RATE LIMIT OPTIMIZED: All tests now use 5 VUs with REQUESTS_PER_VU parameter to avoid Supabase rate limits while maximizing load.

Quick Start Commands:

# Set credentials
export K6_CLOUD_TOKEN=your-token
export K6_CLOUD_PROJECT_ID=your-project-id

# 1. Basic connectivity (500 concurrent requests)
K6_ENVIRONMENT=DEV VUS=5 DURATION=5m REQUESTS_PER_VU=100 k6 run basic-connectivity-test.js --out cloud

# 2. Core API testing (500 concurrent API calls)
K6_ENVIRONMENT=DEV VUS=5 DURATION=5m REQUESTS_PER_VU=100 k6 run core-api-load-test.js --out cloud

# 3. Graph execution (100 concurrent operations)
K6_ENVIRONMENT=DEV VUS=5 DURATION=5m REQUESTS_PER_VU=20 k6 run graph-execution-load-test.js --out cloud

# 4. Full platform testing (50 concurrent user journeys)
K6_ENVIRONMENT=DEV VUS=5 DURATION=5m REQUESTS_PER_VU=10 k6 run scenarios/comprehensive-platform-load-test.js --out cloud

# 5. Single endpoint testing (up to 500 concurrent requests per VU)
K6_ENVIRONMENT=DEV VUS=1 DURATION=30s ENDPOINT=credits CONCURRENT_REQUESTS=100 k6 run single-endpoint-test.js --out cloud

Success Indicators:

  • No 429 authentication errors
  • "100/100 requests successful" messages
  • Tests run full 7-minute duration
  • Hundreds of completed iterations in Grafana dashboard

🎯 Overview

This testing suite provides comprehensive load testing for the AutoGPT Platform with:

  • API Load Testing: Core API endpoints under various load conditions
  • Graph Execution Testing: Graph creation, execution, and monitoring at scale
  • Platform Integration Testing: End-to-end user workflows
  • Grafana Cloud Integration: Advanced monitoring and real-time dashboards
  • Environment Variable Configuration: Easy scaling and customization

📁 Project Structure

load-tests/
├── configs/
│   └── environment.js                           # Environment and performance configuration
├── scenarios/
│   └── comprehensive-platform-load-test.js      # Full platform workflow testing
├── utils/
│   ├── auth.js                                  # Authentication utilities
│   └── test-data.js                             # Test data generators and graph templates
├── data/
│   └── test-users.json                          # Test user configuration
├── core-api-load-test.js                        # Core API validation and load testing
├── graph-execution-load-test.js                 # Graph creation and execution testing
├── single-endpoint-test.js                      # Individual endpoint testing with high concurrency
├── interactive-test.js                          # Interactive CLI for guided test execution
├── run-tests.sh                                 # Test execution script
└── README.md                                    # This file

🚀 Quick Start

Prerequisites

  1. Install k6:

    # macOS
    brew install k6
    
    # Linux
    sudo apt-get install k6
    
  2. Install jq (for result processing):

    brew install jq
    
  3. Set up test users (see Test Data Setup)

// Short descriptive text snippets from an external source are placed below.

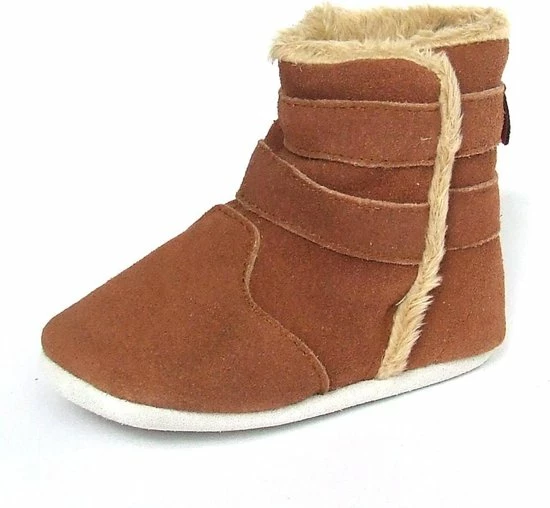 Beste recensies van π Aapie Leren Babyslofjes Winterboot Montreal - Laarsjes - Gevoerd - Antislip - Bruin - Maat L β 1 Beste recensies van π Aapie Leren Babyslofjes Winterboot Montreal - Laarsjes - Gevoerd - Antislip - Bruin - Maat L β
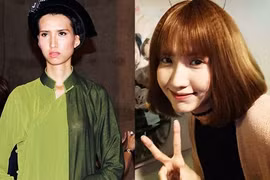 Hàng loạt chân dài Next Top Model lột xác sau “dao kéo“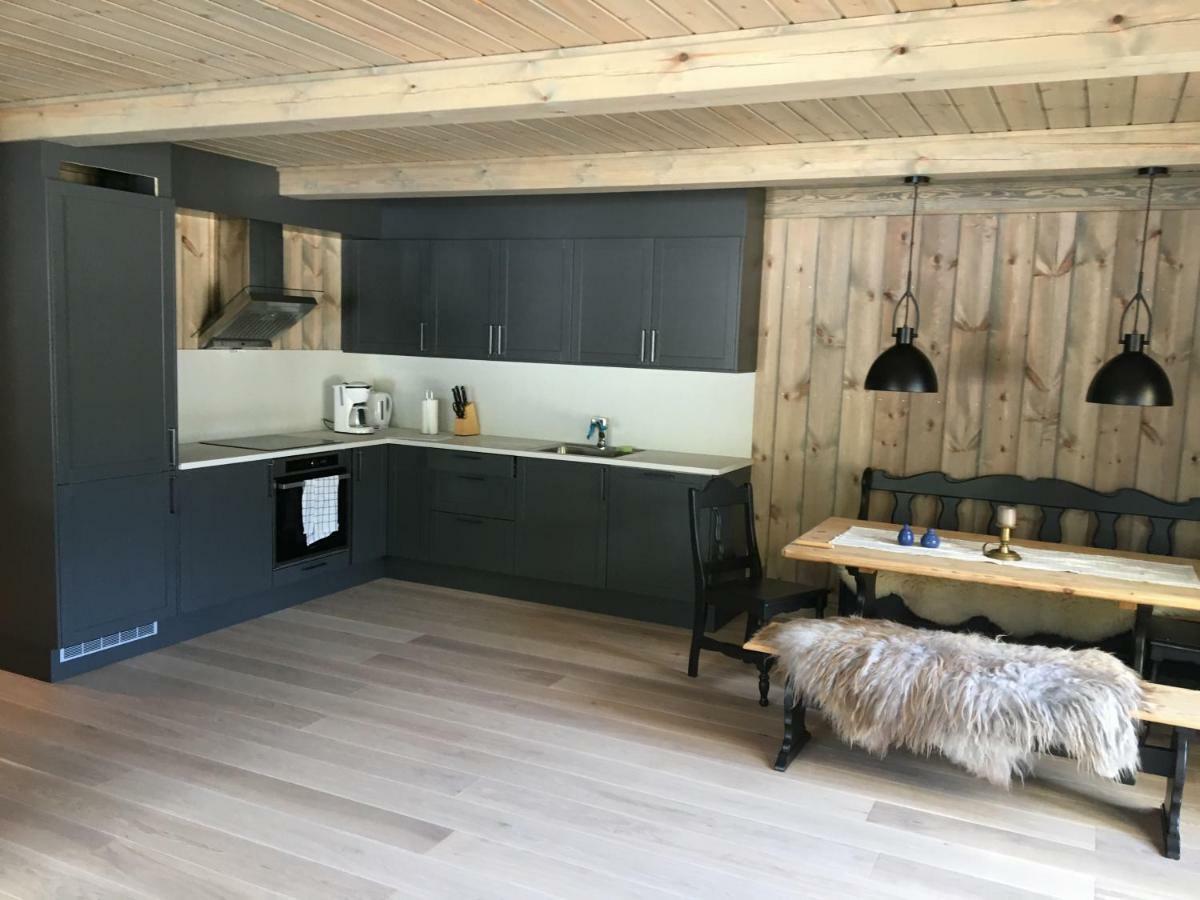 Haglebutunet Eggedal 外观 照片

🚀 Basic Usage (Current Working Configuration)

Prerequisites: Set your Grafana Cloud credentials:

export K6_CLOUD_TOKEN=your-token
export K6_CLOUD_PROJECT_ID=your-project-id

Recommended Commands (Rate-Limit Optimized):

# 1. Basic connectivity test (500 concurrent requests)
K6_ENVIRONMENT=DEV VUS=5 DURATION=5m REQUESTS_PER_VU=100 k6 run basic-connectivity-test.js --out cloud

# 2. Core API load test (500 concurrent API calls)
K6_ENVIRONMENT=DEV VUS=5 DURATION=5m REQUESTS_PER_VU=100 k6 run core-api-load-test.js --out cloud

# 3. Graph execution test (100 concurrent graph operations)
K6_ENVIRONMENT=DEV VUS=5 DURATION=5m REQUESTS_PER_VU=20 k6 run graph-execution-load-test.js --out cloud

# 4. Comprehensive platform test (50 concurrent user journeys)
K6_ENVIRONMENT=DEV VUS=5 DURATION=5m REQUESTS_PER_VU=10 k6 run scenarios/comprehensive-platform-load-test.js --out cloud

Quick Local Testing:

# Run without cloud output for quick validation
K6_ENVIRONMENT=DEV VUS=2 DURATION=30s REQUESTS_PER_VU=5 k6 run core-api-load-test.js

Environment Variable Configuration

All tests support easy configuration via environment variables:

# Optimized load configuration (rate-limit aware)
VUS=5                     # Number of virtual users (keep ≤5 for rate limits)
REQUESTS_PER_VU=100      # Concurrent requests per VU (load multiplier)
CONCURRENT_REQUESTS=100  # Concurrent requests per VU for single endpoint test (1-500)
ENDPOINT=credits         # Target endpoint for single endpoint test (credits, graphs, blocks, executions)
DURATION=5m               # Test duration (extended for proper testing)
RAMP_UP=1m               # Ramp-up time
RAMP_DOWN=1m             # Ramp-down time

# Performance thresholds (cloud-optimized)
THRESHOLD_P95=30000      # 95th percentile threshold (30s for cloud)
THRESHOLD_P99=45000      # 99th percentile threshold (45s for cloud)
THRESHOLD_ERROR_RATE=0.4 # Maximum error rate (40% for high concurrency)
THRESHOLD_CHECK_RATE=0.6 # Minimum check success rate (60%)

# Environment targeting
K6_ENVIRONMENT=DEV       # DEV, LOCAL, PROD

# Grafana Cloud integration
K6_CLOUD_PROJECT_ID=4254406              # Project ID
K6_CLOUD_TOKEN=your-cloud-token          # API token

Examples (Optimized for Rate Limits):

# High-load stress test (concentrated load)
VUS=5 DURATION=10m REQUESTS_PER_VU=200 k6 run scenarios/comprehensive-platform-load-test.js --out cloud

# Quick validation 
VUS=2 DURATION=30s REQUESTS_PER_VU=10 k6 run core-api-load-test.js

# Graph execution focused testing (reduced concurrency for complex operations)
VUS=5 DURATION=5m REQUESTS_PER_VU=15 k6 run graph-execution-load-test.js --out cloud

# Maximum load testing (500 concurrent requests)
VUS=5 DURATION=15m REQUESTS_PER_VU=100 k6 run basic-connectivity-test.js --out cloud

🧪 Test Types & Scenarios

🚀 Core API Load Test (core-api-load-test.js)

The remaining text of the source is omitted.